■ Work instructions
With the pictures set aside, write out all of the data exactly as it stands.

■ Given information
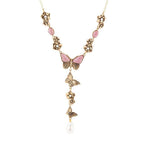 Pink Rhodonite and White Pearl Golden Butterflies Y Necklace - Maven Couture IncNecklaces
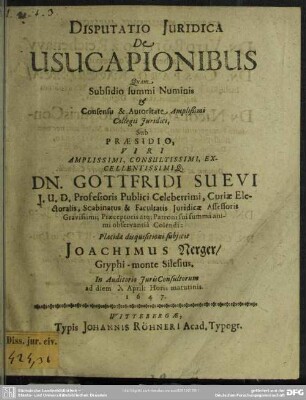 Disputatio de usucapionibus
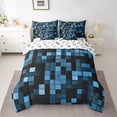 thumbnail image 2 of Manfei Chic Cyan Geometric Twin Bedding Sets 7-Piece, Modern Square Abstract Bedding Comforter Set, Teens Boys Girls Kids Reversible Sheet Sets, Ultra Soft Home Decor, 2 of 7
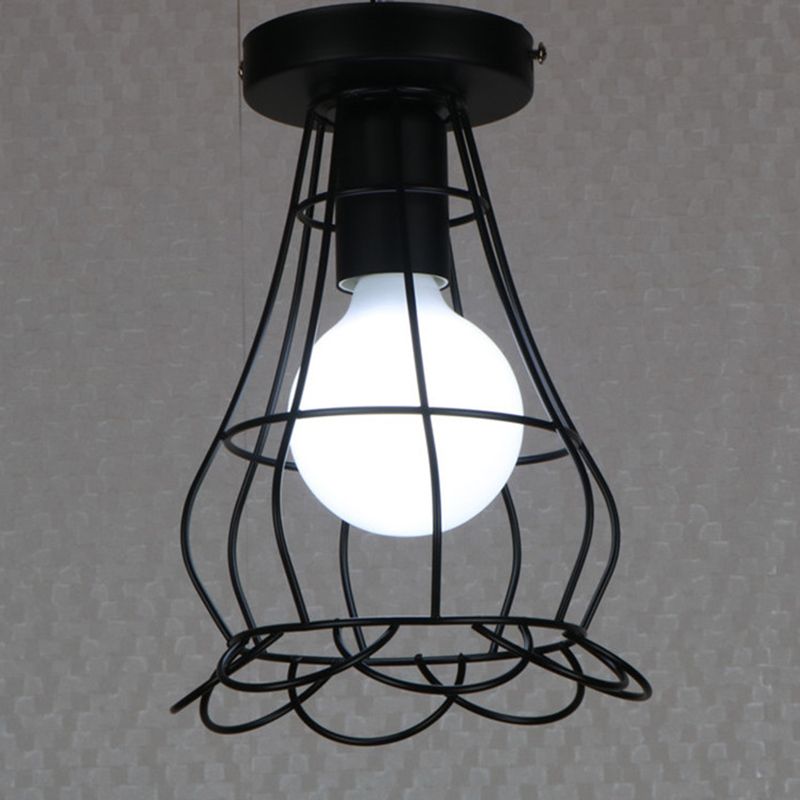 Black 1-Light Semi Flush Ceiling Light in Industrial Vintage Style Wrought Iron Flush Mount with Iron Frame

■ Written solution
 Pink Rhodonite and White Pearl Golden Butterflies Y Necklace - Maven Couture IncNecklaces
 Disputatio de usucapionibus
 thumbnail image 2 of Manfei Chic Cyan Geometric Twin Bedding Sets 7-Piece, Modern Square Abstract Bedding Comforter Set, Teens Boys Girls Kids Reversible Sheet Sets, Ultra Soft Home Decor, 2 of 7
 Black 1-Light Semi Flush Ceiling Light in Industrial Vintage Style Wrought Iron Flush Mount with Iron Frame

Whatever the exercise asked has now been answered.